Angesetzt waren am Sonntag die Duelle zwischen Ineos Britannia und dem ums Cup-Überleben kämpfenden Orient Express Racing Team. Danach die Begegnung zwischen Luna Rossa Prada Pirelli und Alinghi Red Bull Racing. Auch die Schweizer haben das Halbfinale noch nicht sicher erreicht, für das sich Luna Rossa Prada Pirelli, Ineos Britannia und NYYC American Magic schon sicher qualifiziert haben. Mit zwei Punkten auf dem Louis-Vuitton-Cup-Konto liegt der Vorteil im Fernduell mit den Franzosen aber bei den Eidgenossen.

Bewertung

Zwischen den Italienern und den Briten geht es im Finale der Round-Robin-Phase an der Spitze der Herausforderer-Wertung nicht mehr um den Einzug ins Halbfinale. Beide Teams haben ihre Semifinal-Tickets sicher. Entschieden wird aber in ihrem indirekten Duell, welcher der beiden Rennställe sich seinen Halbfinalgegner als Sieger der Herausforderer-Wertung zum Tanz wählen darf.
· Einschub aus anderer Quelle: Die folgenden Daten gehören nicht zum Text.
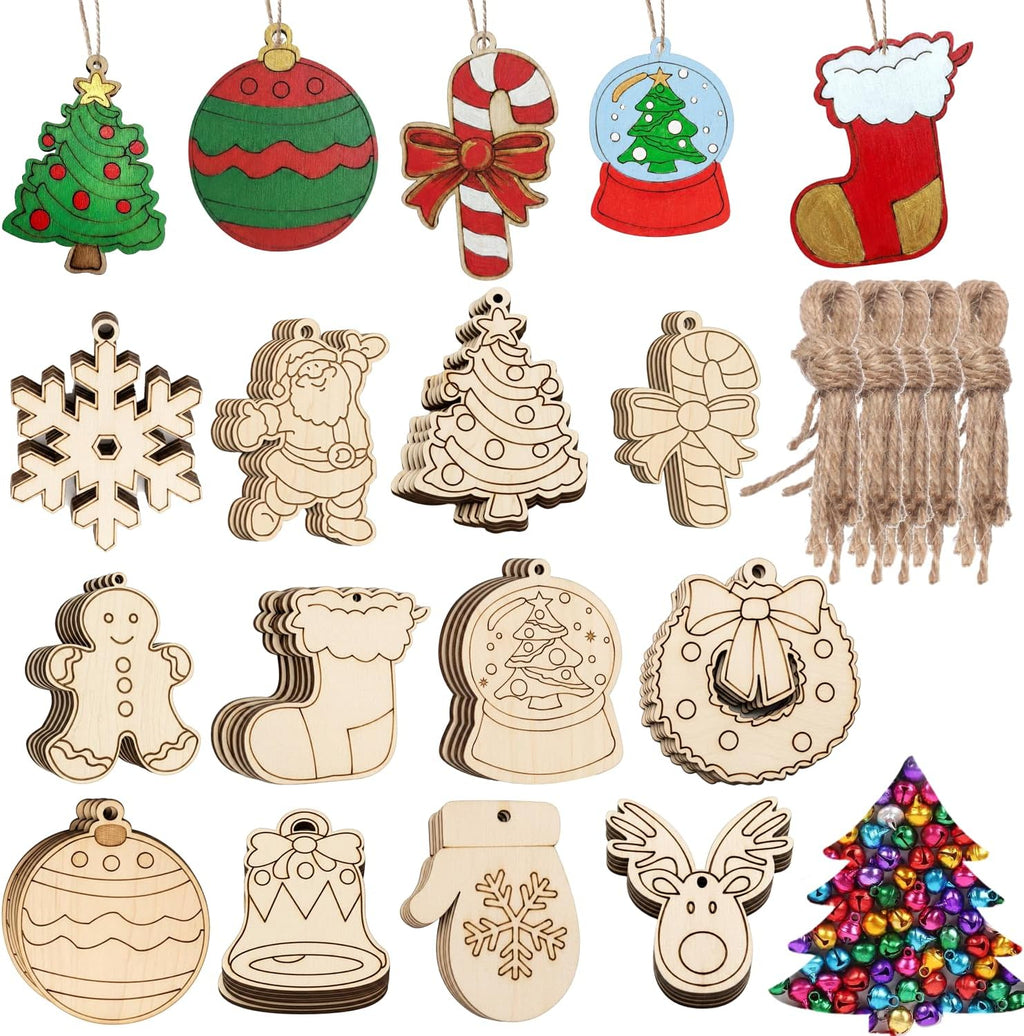 60pcs Wooden Christmas Ornaments Kit to Paint for Decoration DIY Crafts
Für die verschiedenen Szenarien und alle Fragen nach möglicherweise notwendig werdenden Stechen bei Punktgleichheit an der Spitze oder im Keller bot Ian Murray am Sonntag eine einfache Formel zum Verständnis: Verlieren sowohl Großbritannien als auch Italien ihre Matches, gibt es weder im Spitzenkampf noch im “Duell der Kellerkinder” einen Gleichstand. Italien würde die Herausforderer-Wertung gewinnen, die Schweizer den letzten Halbfinalplatz besetzen.

Meistgelesene Artikel

1

2

3

Was passiert, wenn…?

Gewinnt Italien und verliert Großbritannien, gibt es ein Tie-Break-Rennen um den letzten Halbfinalplatz zwischen Alinghi Red Bull Racing und Frankreichs “Orient Express”. Verliert Italien und gewinnt Großbritannien, gibt es ein Tie-Break-Rennen um den Sieg. Die Schweizer würden ins Halbfinale einziehen. Die von allen herbeigesehnte Auflösung des Geflechts fiel am Sonntag aus. Ob sie am Montag erfolgen kann, blieb in Barcelona unsicher, weil die Wetterprognosen nur wenig Wind für die kommenden Renntage bereithalten.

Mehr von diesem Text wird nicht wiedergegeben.